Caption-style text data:
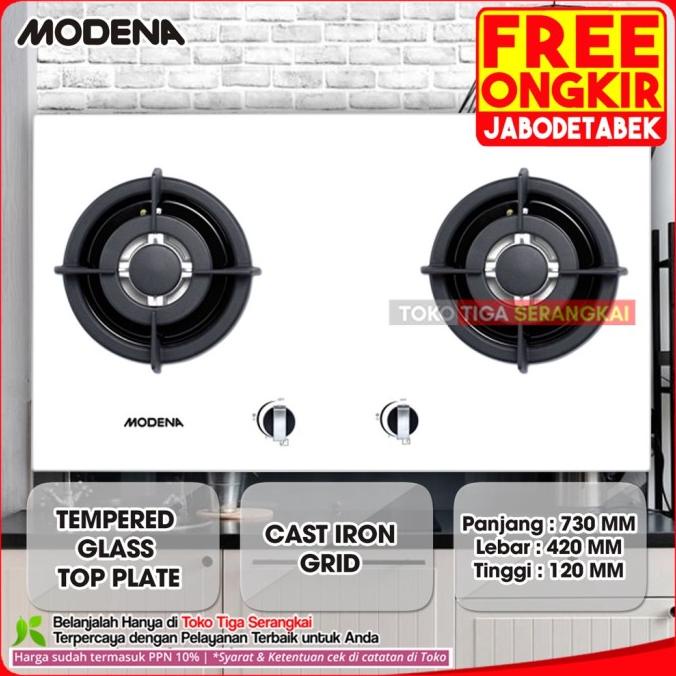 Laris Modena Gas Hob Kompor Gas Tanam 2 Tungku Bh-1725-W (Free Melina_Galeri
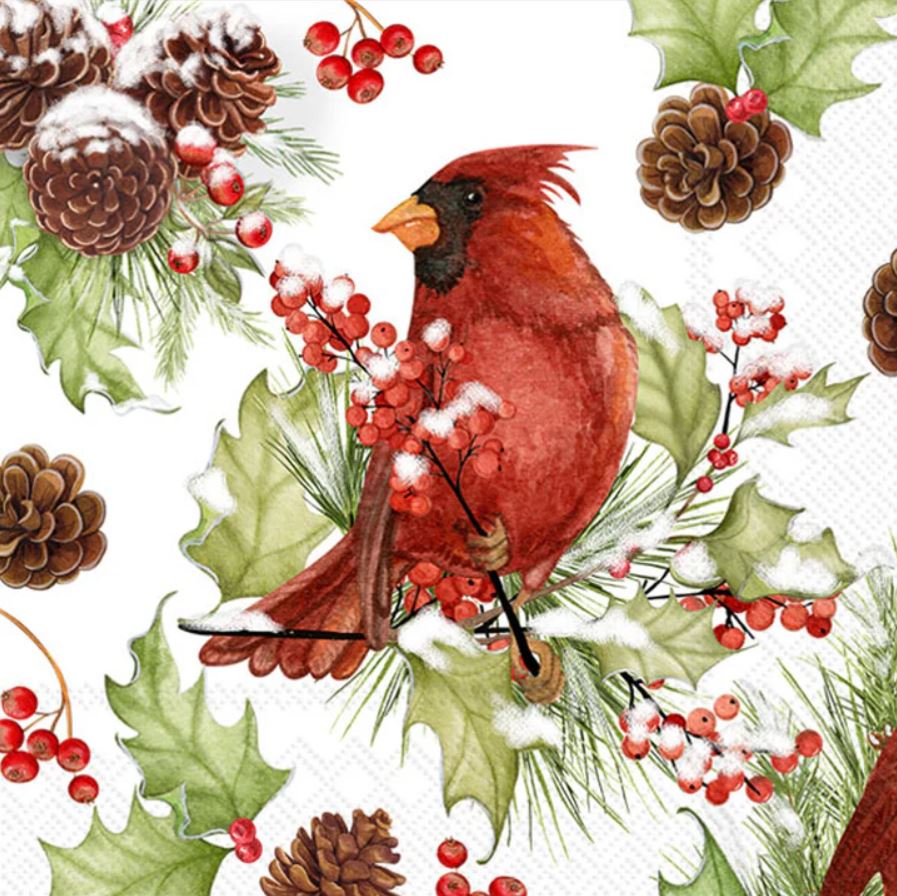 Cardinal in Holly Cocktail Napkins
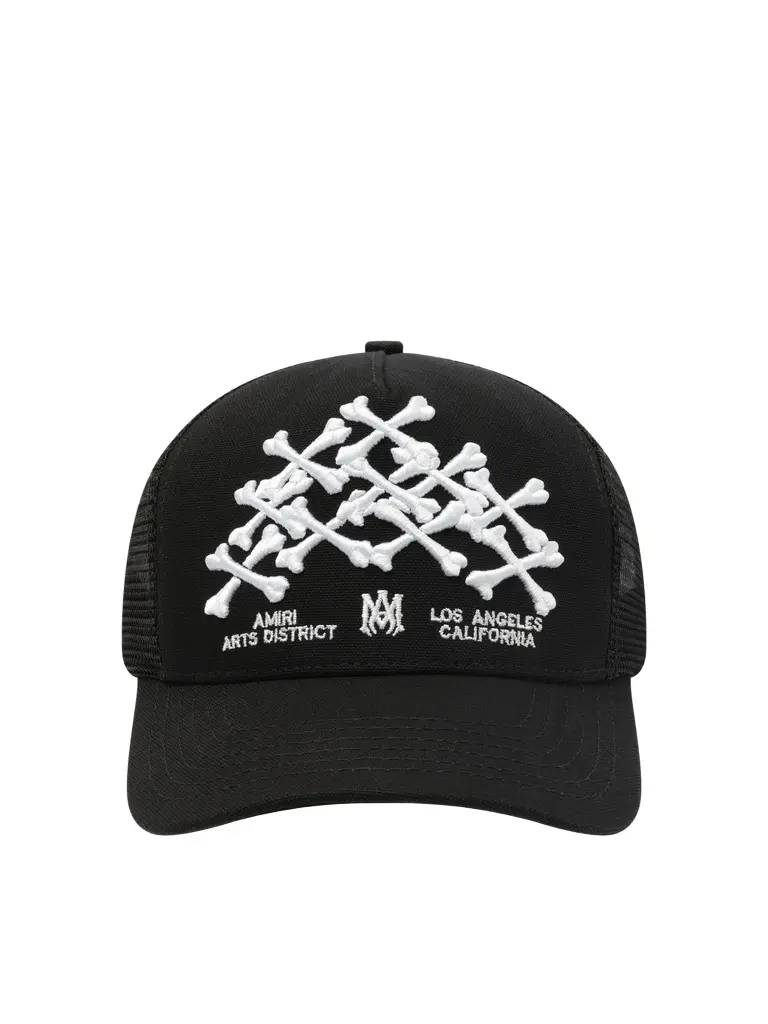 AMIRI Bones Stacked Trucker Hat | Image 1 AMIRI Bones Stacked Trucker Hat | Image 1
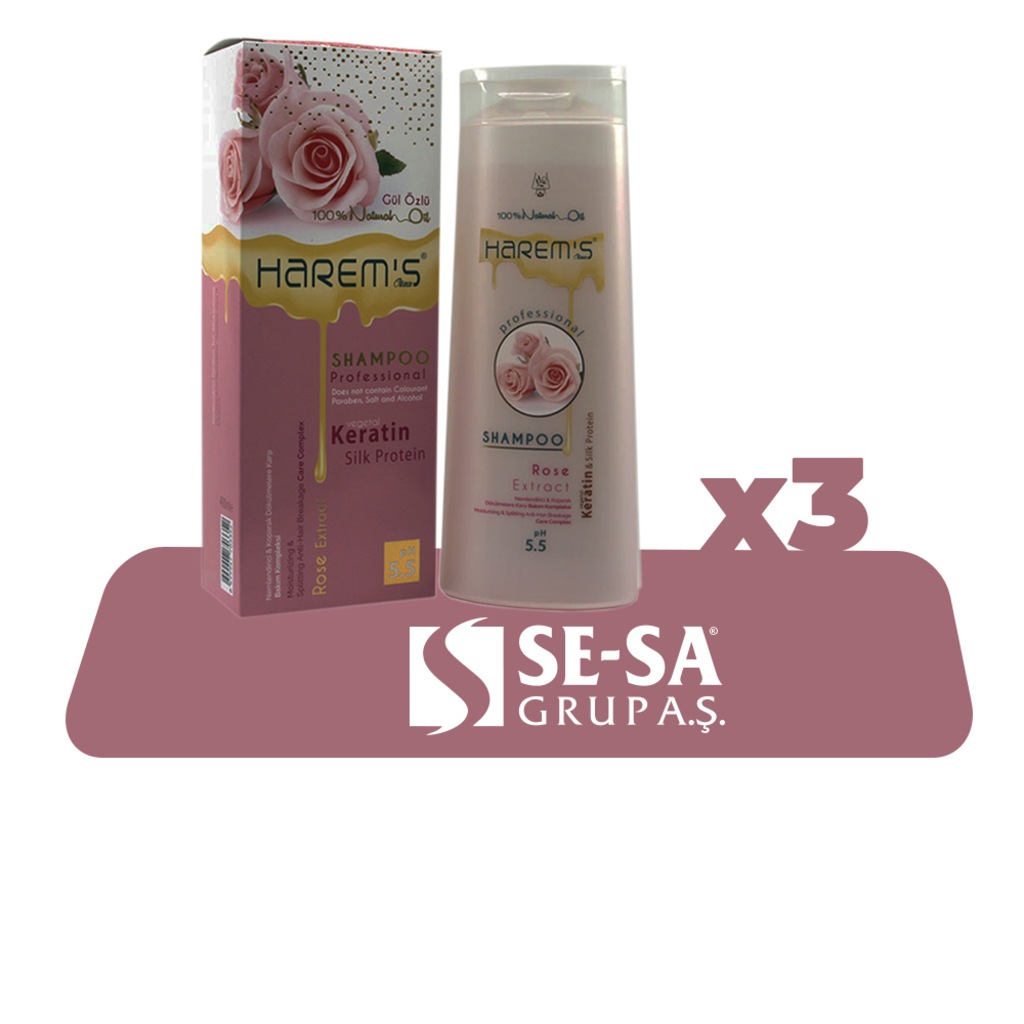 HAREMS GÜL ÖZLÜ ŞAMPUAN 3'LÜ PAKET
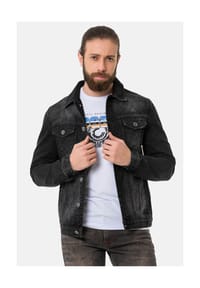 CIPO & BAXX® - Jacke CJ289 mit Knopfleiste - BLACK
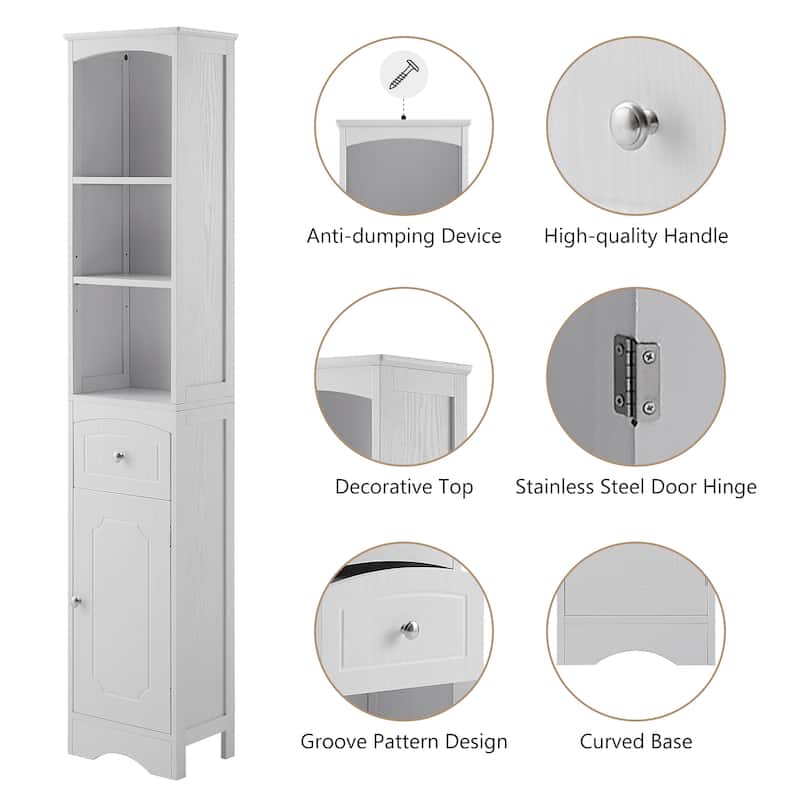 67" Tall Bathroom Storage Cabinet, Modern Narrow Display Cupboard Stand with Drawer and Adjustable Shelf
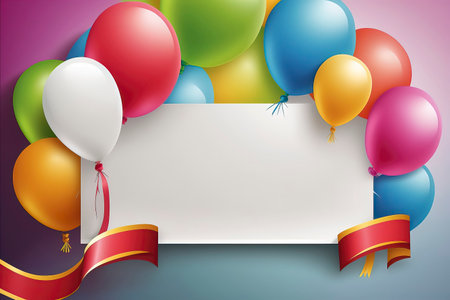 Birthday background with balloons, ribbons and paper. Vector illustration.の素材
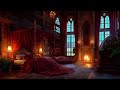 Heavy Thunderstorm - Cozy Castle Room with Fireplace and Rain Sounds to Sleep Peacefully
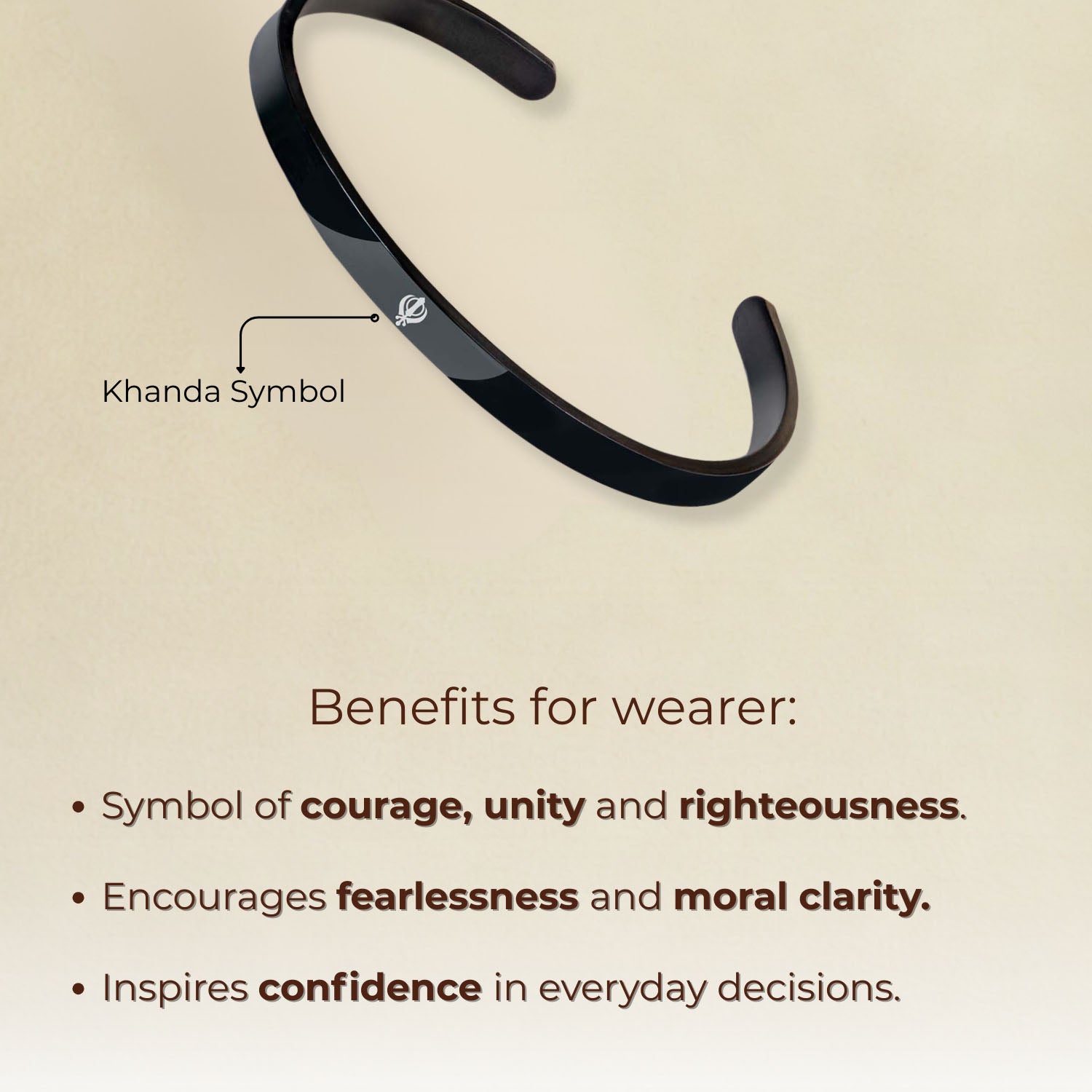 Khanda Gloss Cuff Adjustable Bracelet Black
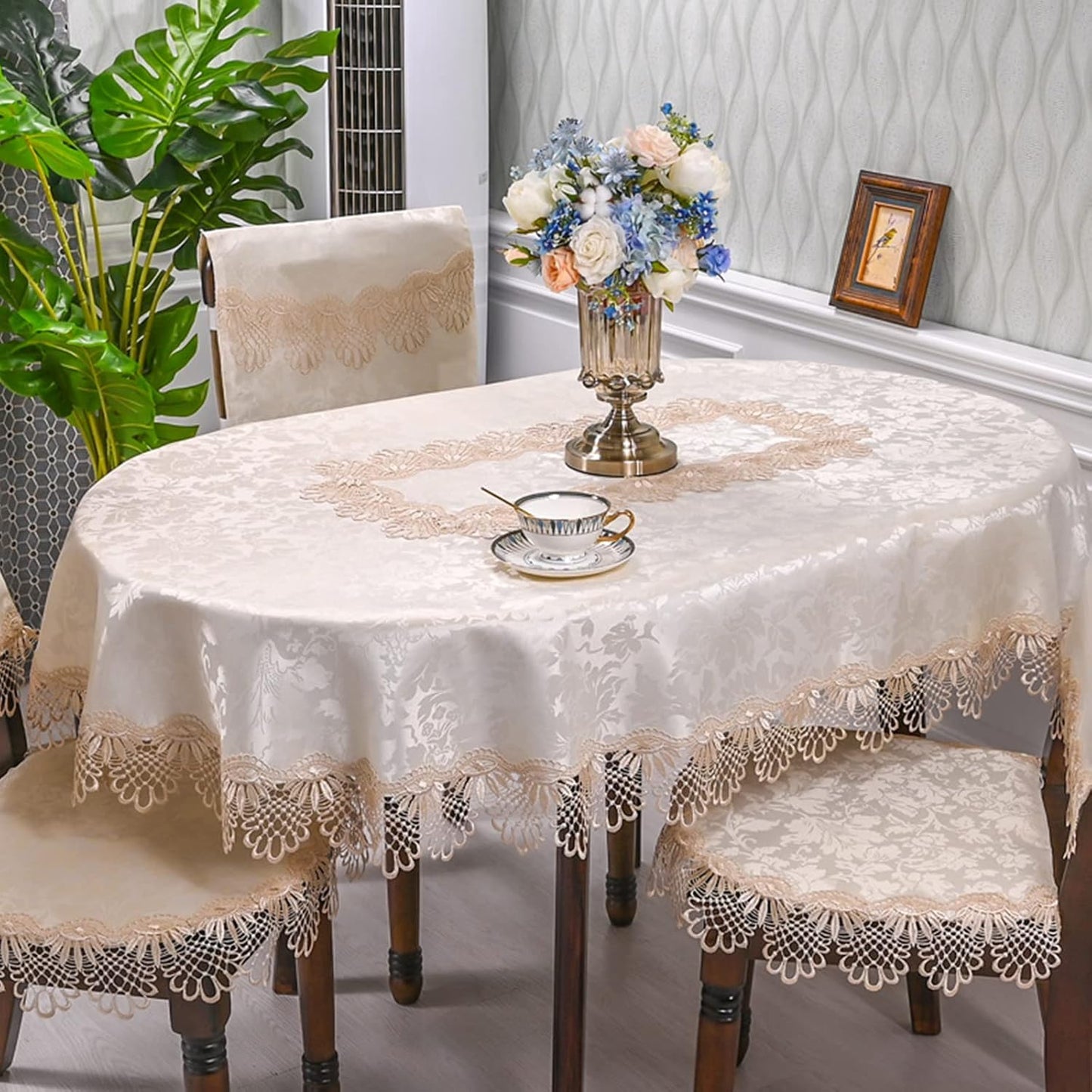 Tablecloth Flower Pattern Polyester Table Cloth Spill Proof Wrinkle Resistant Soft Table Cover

__What the task requires__:
Although pictures appear among the records above, none are to be output; print exactly the lines from the line containing "AMIRI Bones Stacked Trucker Hat | Image 1 AMIRI" through the line containing "Heavy Thunderstorm - Cozy".

__Response__:
 AMIRI Bones Stacked Trucker Hat | Image 1 AMIRI Bones Stacked Trucker Hat | Image 1
 HAREMS GÜL ÖZLÜ ŞAMPUAN 3'LÜ PAKET
 CIPO & BAXX® - Jacke CJ289 mit Knopfleiste - BLACK
 67" Tall Bathroom Storage Cabinet, Modern Narrow Display Cupboard Stand with Drawer and Adjustable Shelf
 Birthday background with balloons, ribbons and paper. Vector illustration.の素材
 Heavy Thunderstorm - Cozy Castle Room with Fireplace and Rain Sounds to Sleep Peacefully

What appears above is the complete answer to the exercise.